Tommy Tuberville has also taken an interesting position on the education system.
“We have gotten away from our core beliefs in this country in education and our kids are being indoctrinated in socialism and communism,” Tuberville said during a radio interview in February. “That’s where the education system has taken us.”
Former players upset with Tuberville
Tommy Tuberville’s political positions might be popular in Alabama, but not necessarily with some of his former players. Several candidly spoke to Slate about their former coach and his decisions to align with Trump.
Defensive lineman Tommy Jackson, who was first-team All-SEC in 2004, and is now Director of Advising for University College at Kennesaw State University, said Tuberville is being “disingenuous.”
“He coached a team that had a majority of African American players. And President Trump has no interest in Black males. And so for Coach Tuberville to support someone like that—what does that say about somebody who has always thought this way to make millions of dollars off the same people the president is intending to overlook or mistreat? It’s shameful. It’s downright shameful.”

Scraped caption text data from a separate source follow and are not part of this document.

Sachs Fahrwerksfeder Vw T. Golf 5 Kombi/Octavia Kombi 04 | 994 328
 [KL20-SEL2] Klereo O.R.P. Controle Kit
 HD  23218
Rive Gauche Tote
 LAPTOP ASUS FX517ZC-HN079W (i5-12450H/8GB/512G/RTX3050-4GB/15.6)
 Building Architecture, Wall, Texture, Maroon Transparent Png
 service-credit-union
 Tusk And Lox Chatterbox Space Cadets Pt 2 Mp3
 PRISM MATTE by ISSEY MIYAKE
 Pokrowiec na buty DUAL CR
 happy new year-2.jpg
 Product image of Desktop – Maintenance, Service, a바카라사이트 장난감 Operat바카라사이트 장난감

Adlai Trone, who played defensive back under Tuberville, said he’s disappointed and knows a lot of other players are as well.
“A lot of guys keep up with each other. There’s lot of different circles. It’s the majority that are disappointed. I think a lot of us would like to remain optimistic in saying that maybe if he gets in office, he’ll listen to what we have to say. I just hope he stands for something that represents the players that played hard for him.”
If Tommy Tuberville wins his election bid, he will have a lot of work ahead of him in Washington, D.C. Back home, he’ll have even more work to do convincing many of his former players that he has their best interests in mind like he did years ago when he coached them.